Machine learning and wrinkle lithography speed up fabrication of broadband light absorbing surfaces for solar cells
Researchers at Northwestern University (Evanston, IL) have used mathematics and machine learning to design an optimal material for light management in photovoltaic cells, then fabricated the nanostructured surfaces simultaneously with a new nanomanufacturing technique called wrinkle lithography.1
The fast, highly scalable, streamlined method could replace cumbersome trial-and-error nanomanufacturing and design methods.
Nanophotonic materials and surface treatments are especially useful for light absorption in ultrathin, flexible solar cells. (Other potential uses include anti-wet surfaces and dyeless color in clothing.) For solar cells, the ideal nanostructure surface has quasirandom structures, which appear random but do have a pattern. Designing these patterns can be difficult and time consuming, since there are thousands of geometric variables that must be optimized simultaneously to discover the optimal surface pattern to absorb the most light.
To bypass the issues of nanolithography, the researchers manufactured the quasirandom structures in amorphous silicon using wrinkle lithography, a new nanomanufacturing technique in which wrinkle patterns are rapidly transferred into different materials to realize a nearly unlimited number of quasirandom nanostructures.

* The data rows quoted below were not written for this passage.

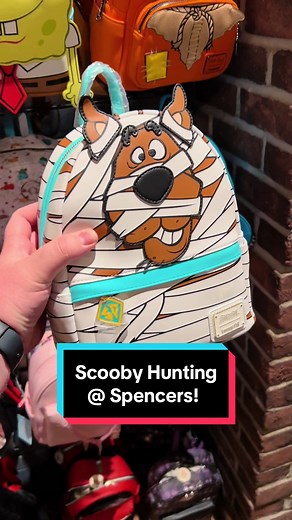 Let’s Go Scooby Hunting @Spencers !! 🧡💚🩵 For the new glow-in-the-dark Scooby-Doo mummy @Loungefly backpack!! #scoobydoo #collector #collection #nostalgia #mysteryinc #mysterymachine #halloween #loungefly #loungeflycollector #loungeflyminibackpacks #comeshopwithme #shop #haul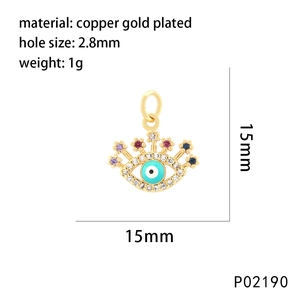 Macro view of a 15mm evil eye shell pendant with colorful rhinestones and gold plating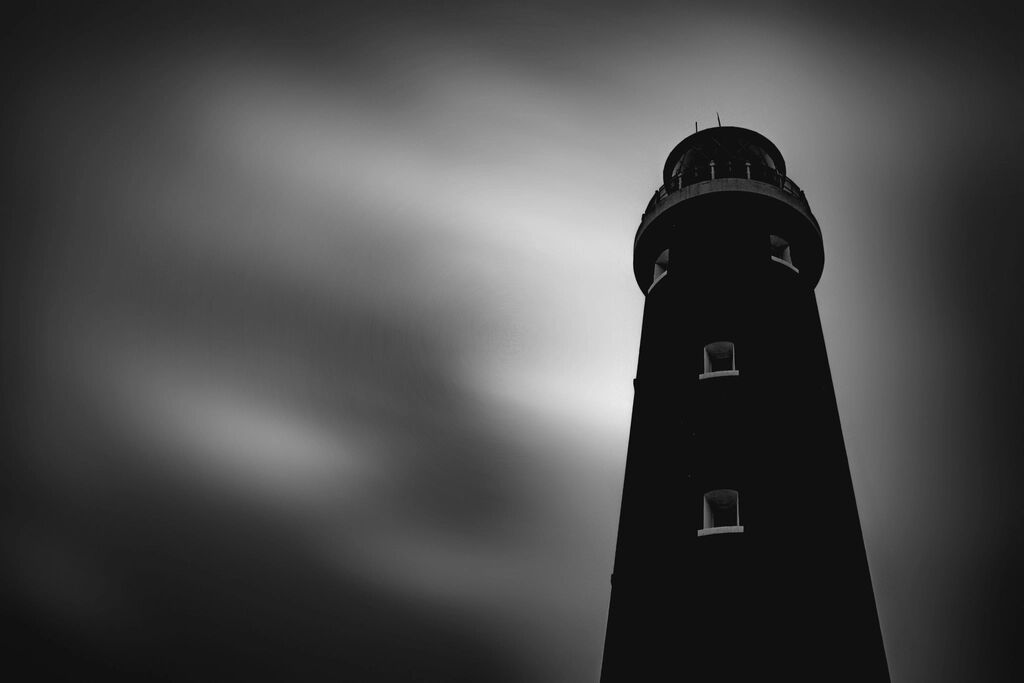 A lighthouse silhouetted against a dark sky.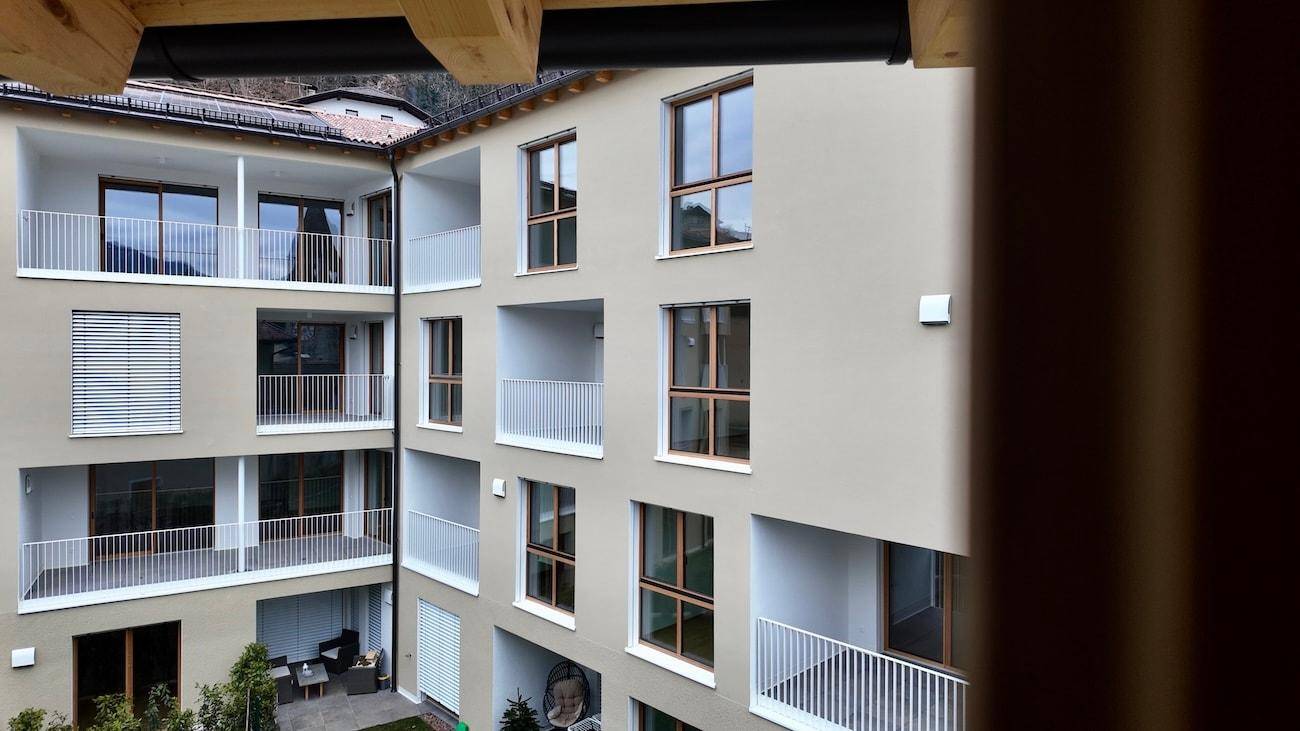 Blick auf einen Innenhof eines modernen Wohnkomplexes mit mehreren Balkonen und Fenstern.
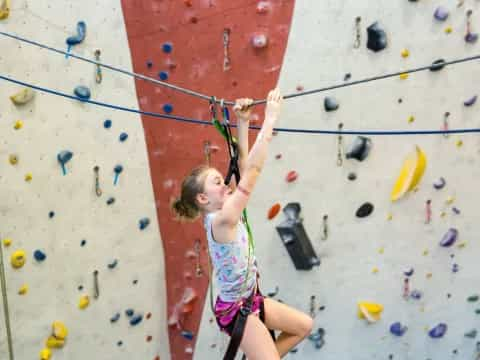 a girl climbing a rock wall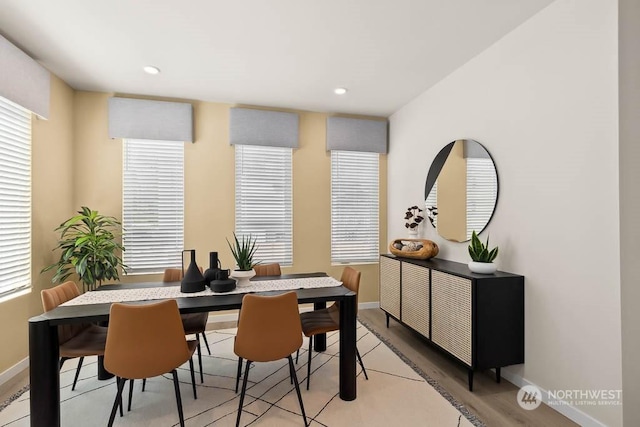 dining space with light wood-type flooring and a wealth of natural light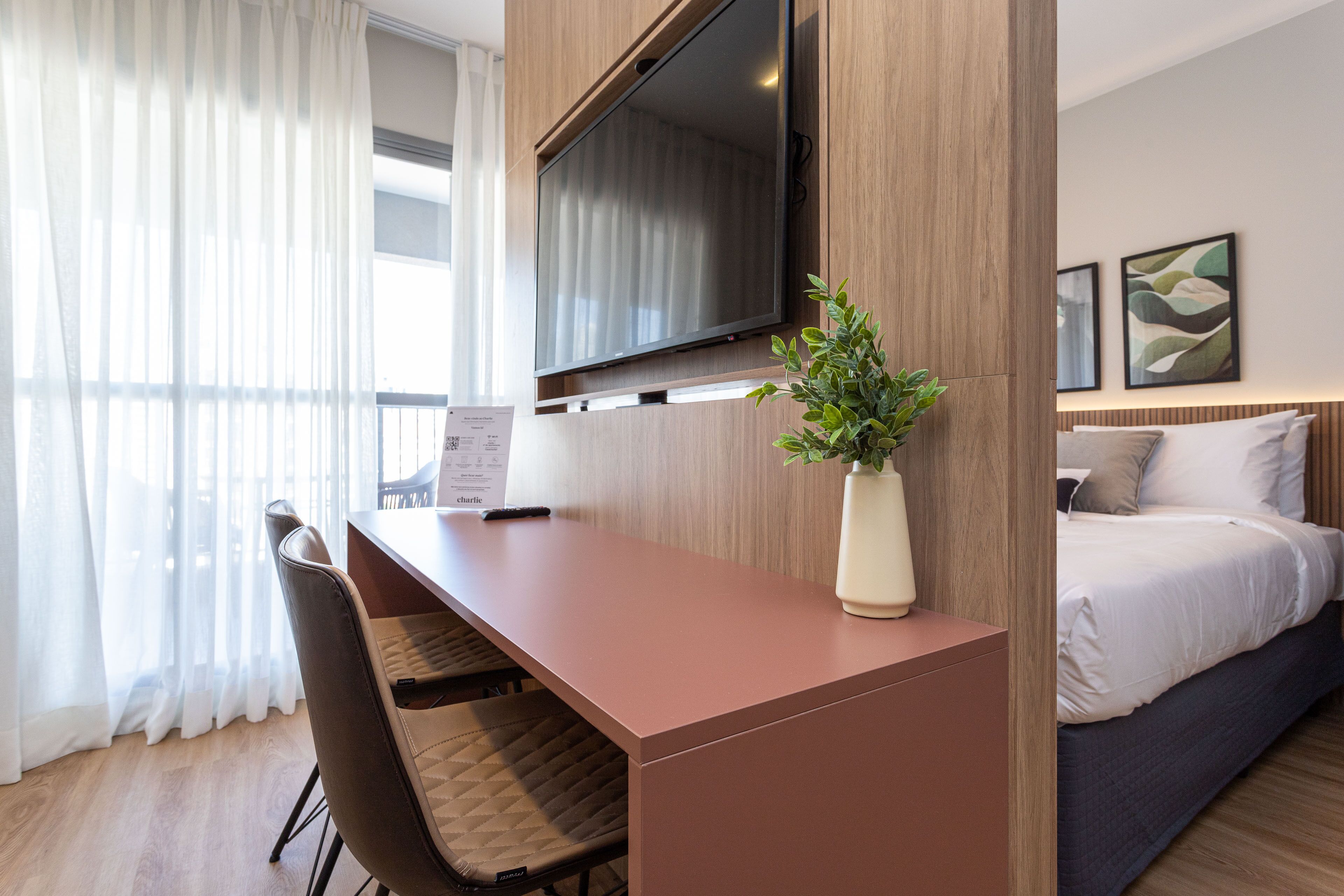 A modern hotel room with a wooden desk, a flat-screen TV, a bed with white bedding, and a potted plant.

Formed by applying strain to a substrate, wrinkling is a simple method for the scalable fabrication of nanoscale surface structures.
"Importantly, the complex geometries can be described computationally with only three parameters -- instead of thousands typically required by other approaches," says Teri Odom, a professor of chemistry at Northwestern. "We then used the digital designs in an iterative search loop to determine the optimal nanowrinkles for a desired outcome."
The team demonstrated the concurrent design and manufacturing method to fabricate 3D photonic nanostructures on a silicon wafer for potential use as a solar cell. The resulting material absorbed 160% more light than other designs in the 800 to 1200 nm wavelength range -- a range in which current solar cells are less efficient.
Next, the team plans to apply its method to other materials, such as polymers, metals, and oxides, for other photonics applications.